Only one part of the listing is needed: the lines from the one with "под офис, кабине..." through the last line, copied exactly and free of pictures.

Supplied information>
------------------------------------------------------------

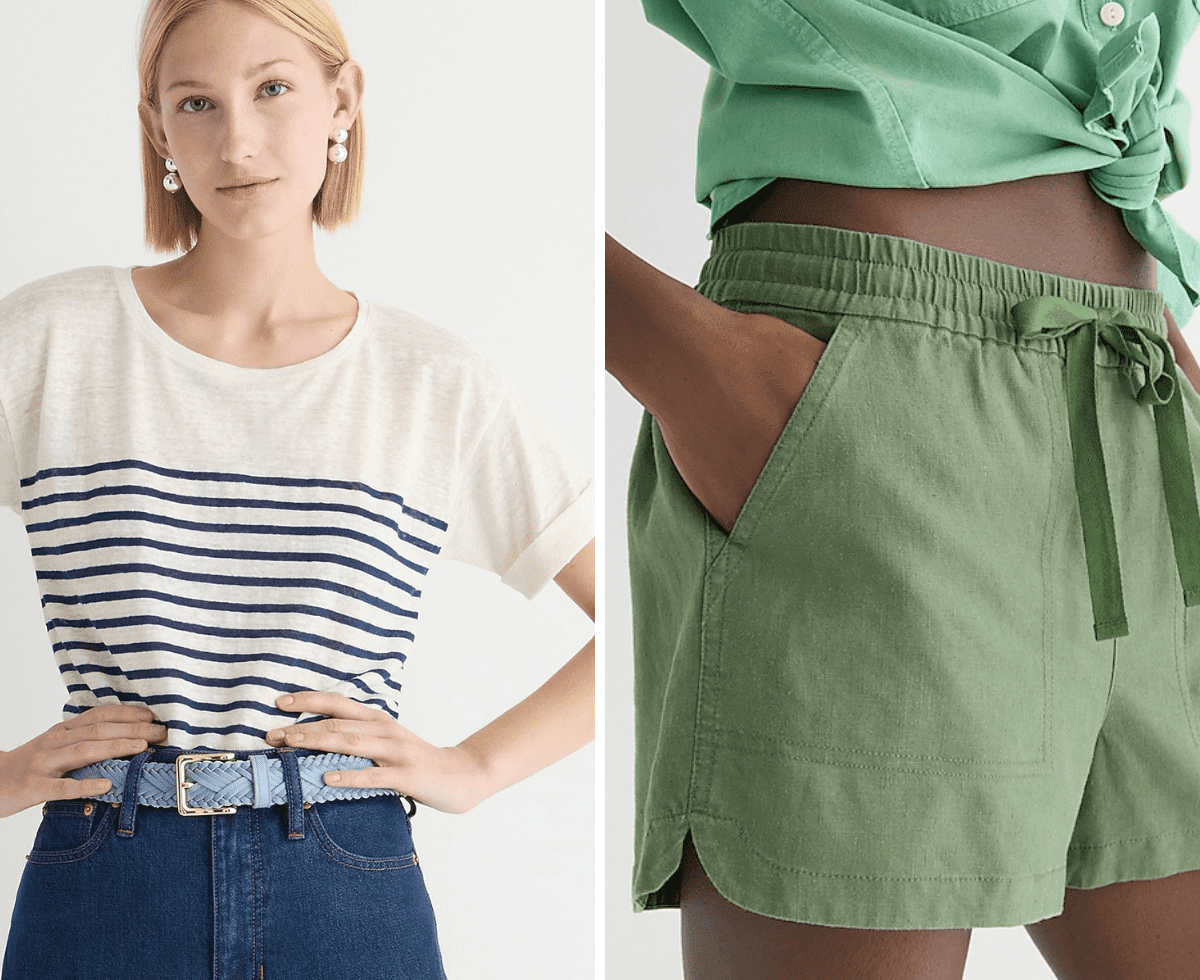 Casual J.Crew Styles 2023 2 - Cats & Coffee Casual J.Crew Styles 2023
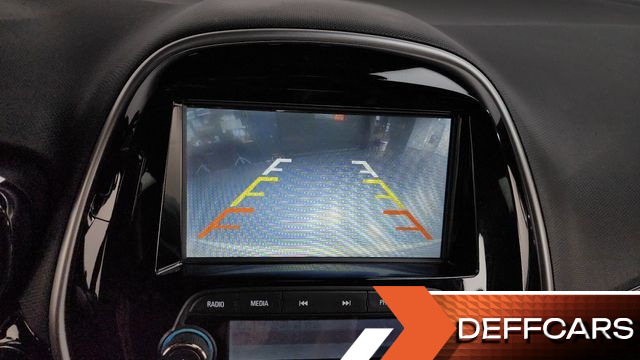 ChevroletGMDaewoo SPARK LTZ купить на сайте DeffCars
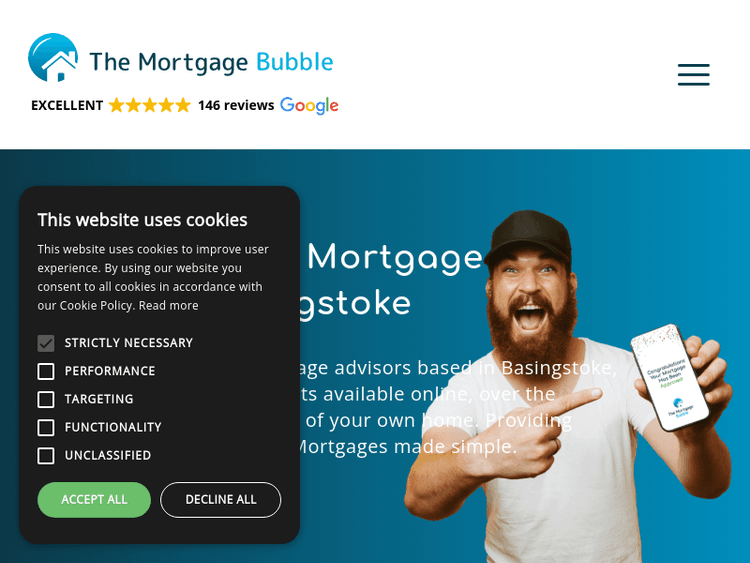 Themortgagebubble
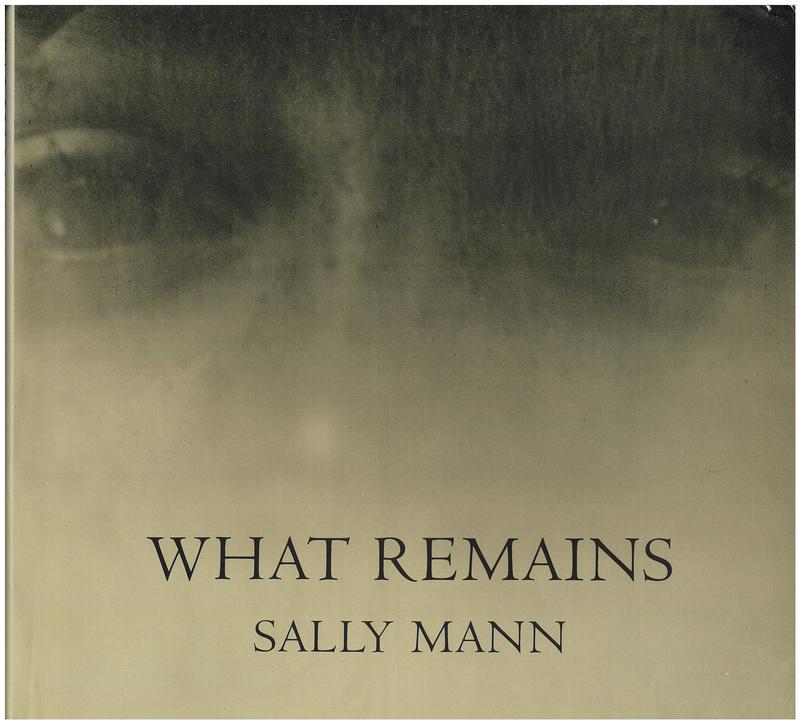 What remains cover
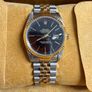 Rolex Datejust 12633 Black Dial 36mm Full Set Immaculate Image 2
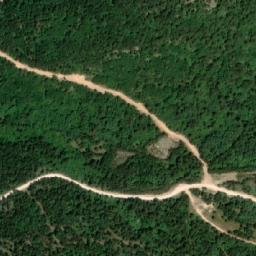 Satellite imagery of Kunić, BA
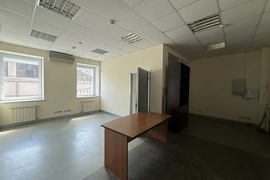 Помещение до  160 м² под офис, кабине...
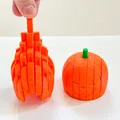Pixel Pumpkin Fidget (2 kích cỡ) - Thumbnail 2
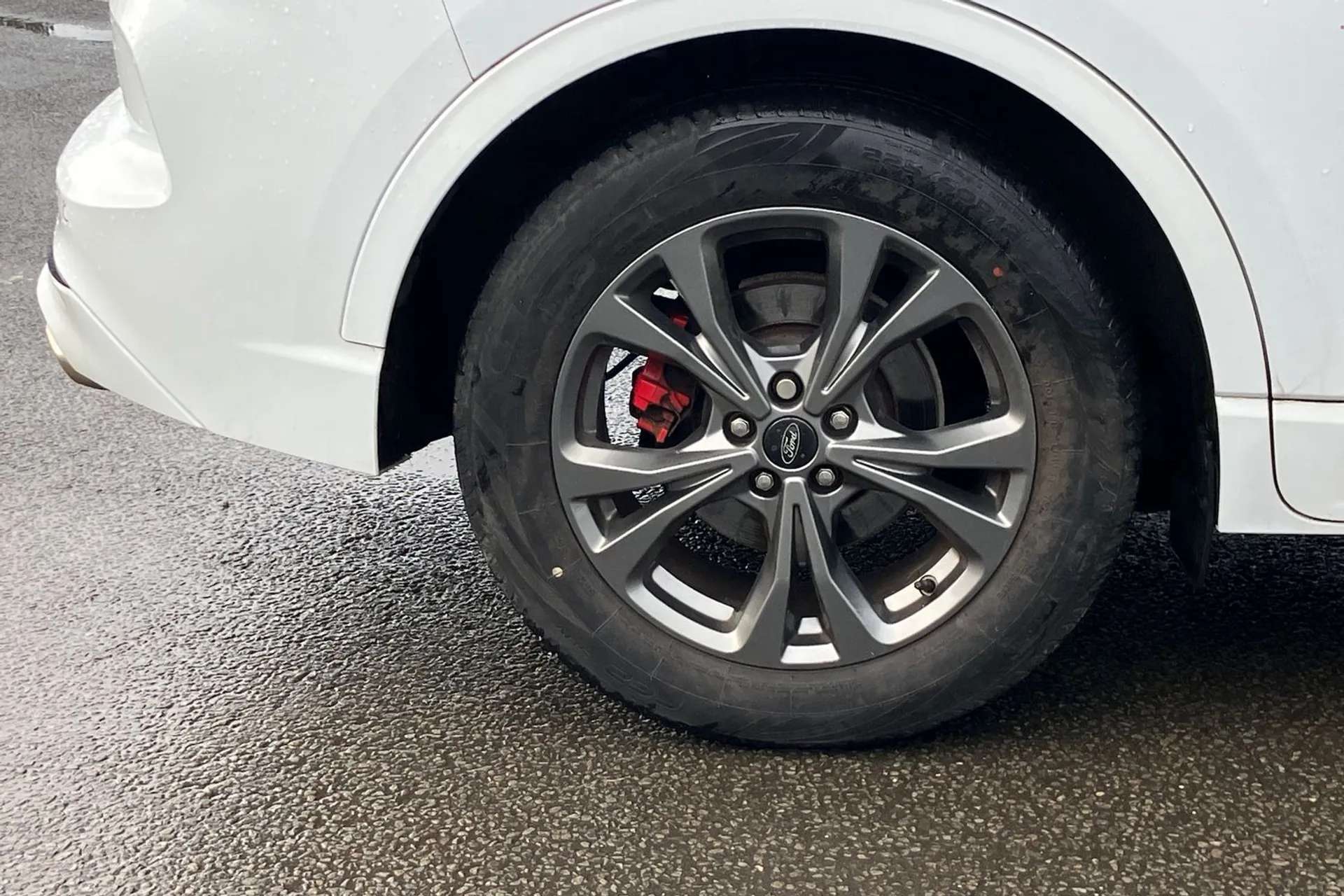 2021 FORD KUGA 2021 FORD KUGA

------------------------------------------------------------

Result of this exercise>
 Помещение до  160 м² под офис, кабине...
Pixel Pumpkin Fidget (2 kích cỡ) - Thumbnail 2
 2021 FORD KUGA 2021 FORD KUGA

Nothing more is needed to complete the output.